## Task to carry out
What you give back should be exactly the lines from the one with "Vestido blanco sin mangas - Blanco" through the end of the data, without the pictures.

## Data extract

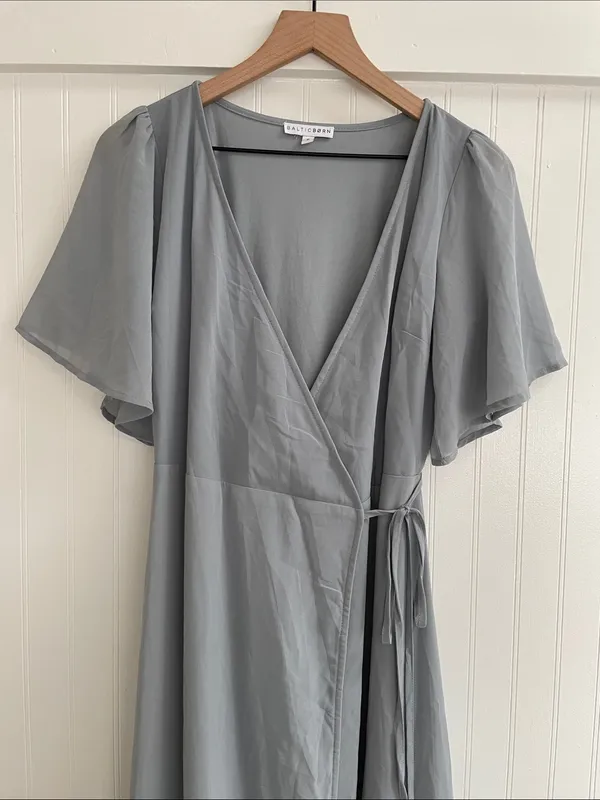 BALTIC BORN Flutter Sleeve Maxi Wrap Dress in Dusty Blue Gray Size S - Image 4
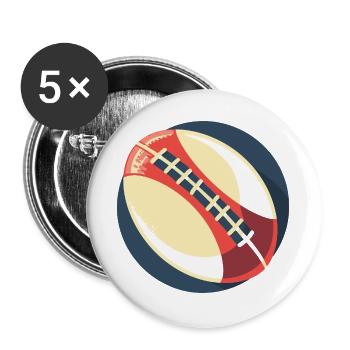 Graphique du ballon de rugby - Lot de 5 grands badges (56 mm) - blanc - Devant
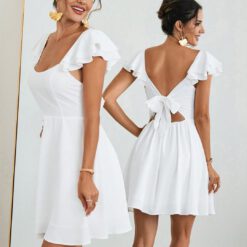 Vestido blanco sin mangas - Blanco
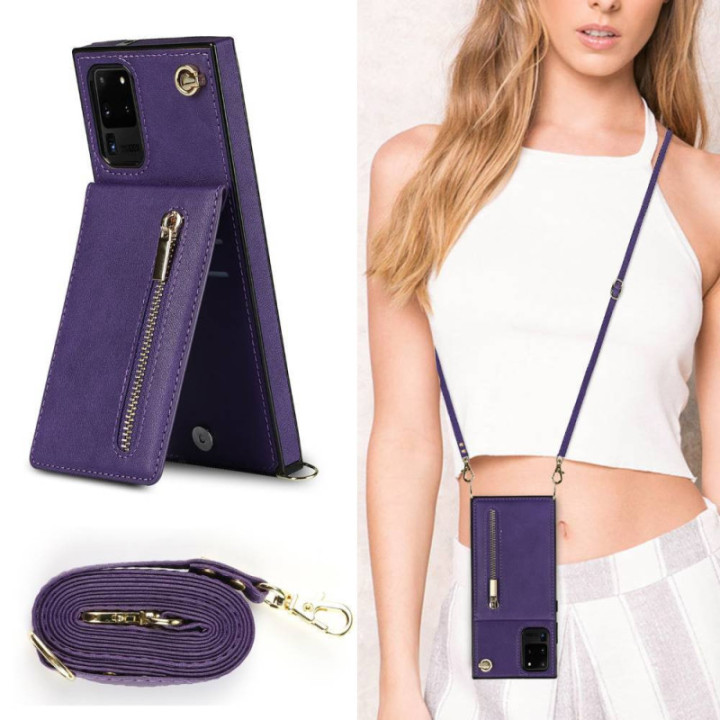 Zipper halskæde etui Samsung Galaxy S20 Ultra - Lilla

## Final answer
 Vestido blanco sin mangas - Blanco
 Zipper halskæde etui Samsung Galaxy S20 Ultra - Lilla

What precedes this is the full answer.